License fees were $3.0 million and $3.2 million for the fourth quarter and year ended December 31, 2015, respectively, compared to no license fees in 2014. The increase in fees was primarily due to a new license agreement with Agensys, an affiliate of Astellas, as consideration for rights granted to Bellicum under the agreement related to its BPX-601 product candidate, whereby Agensys was paid a non-refundable upfront fee of $3.0 million.

G&A Expenses: General and administrative expenses were $3.8 million and $12.7 million for the fourth quarter and year ended December 31, 2015, respectively, compared to $2.0 million and $4.3 million during the comparable periods in 2014. The increased G&A expenses in 2015 were primarily due to overall growth and public company related costs, including an increase in personnel, legal and accounting expenses and costs related to facilities, insurance and travel.
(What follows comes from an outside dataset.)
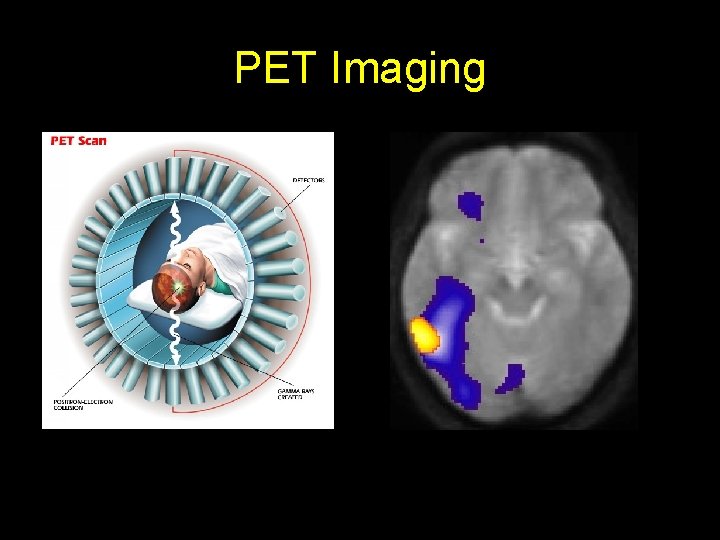 PET Imaging 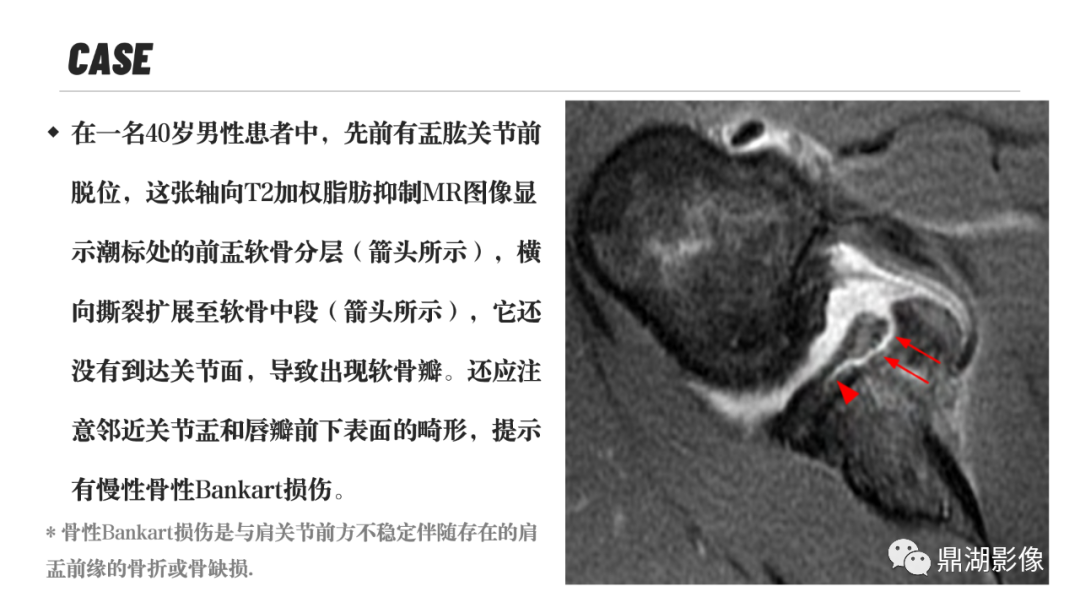影像PPT - 【PPT】MR诊断骨关节里的组织分层-14 影像PPT - 【PPT】MR诊断骨关节里的组织分层-14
Net Loss: Bellicum reported a net loss of $16.8 million for the fourth quarter of 2015 and $48.5 million for the year ended December 31, 2015, compared to a net loss of $74.3 million and $84.0 million for the comparable periods in 2014. The net loss amounts for the 2014 periods included a charge of $43.2 million incurred in the fourth quarter of 2014 in conjunction with the ARIAD license restructure transaction and a non-cash accounting charge of $24.4 million recorded for the change in fair value of warrants that were exercised in conjunction with Bellicum’s December 2014 initial public offering, of which $23.2 million was a fourth quarter expense. The results also included non-cash, share-based compensation charges of $2.5 million and $8.4 million for the fourth quarter and year ended December 31, 2015, respectively, and $0.7 million and $0.9 million for the comparable periods in 2014.

Shares Outstanding: At December 31, 2015, Bellicum had 26,931,881 shares of common stock outstanding.